Image-caption web data
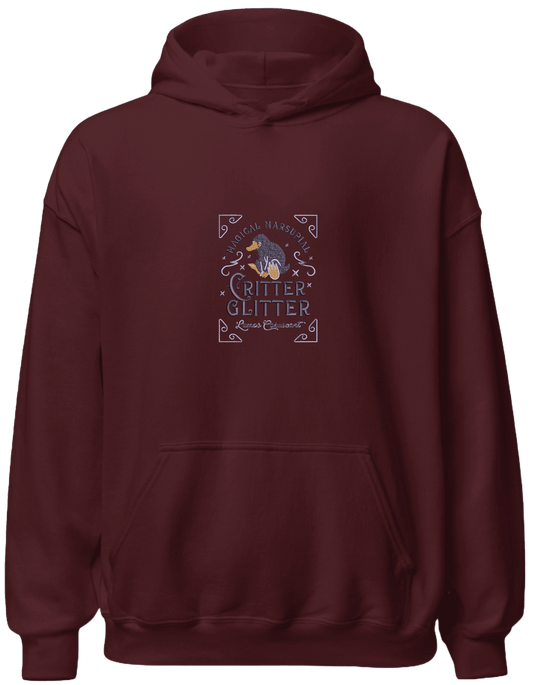 Glitter hoodie Harry Potter - Thread Muse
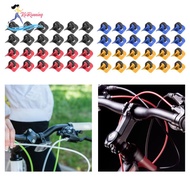 [Whweight] 10x Bike Cable Clips C Shaped for Road Mountain Bikes Folding Bikes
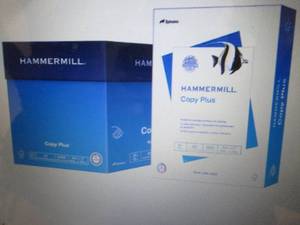 lot 228 image: Hammermill Copier Plus Paper, Lette...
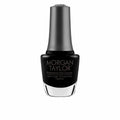 vernis à ongles Morgan Taylor MT3110830 black shadow 15 ml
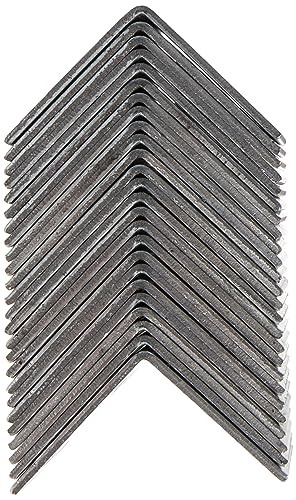 Alberts 330194 Winkelverbinder | sendzimirverzinkt | 40 x 40 x 40 mm | 25er Set - 2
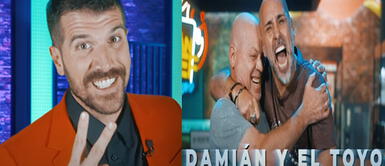 Damián y El Toyo se suman a El gran chef famosos 'El gran chef famosos x2', participantes confirmados: Damián y el Toyo entre las duplas reveladas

*THE TASK*
The answer must reproduce every line of the records above exactly, with all pictures left out.

*ANSWER SPACE*
 Glitter hoodie Harry Potter - Thread Muse
 [Whweight] 10x Bike Cable Clips C Shaped for Road Mountain Bikes Folding Bikes
 lot 228 image: Hammermill Copier Plus Paper, Lette...
 vernis à ongles Morgan Taylor MT3110830 black shadow 15 ml
 Alberts 330194 Winkelverbinder | sendzimirverzinkt | 40 x 40 x 40 mm | 25er Set - 2
 Damián y El Toyo se suman a El gran chef famosos 'El gran chef famosos x2', participantes confirmados: Damián y el Toyo entre las duplas reveladas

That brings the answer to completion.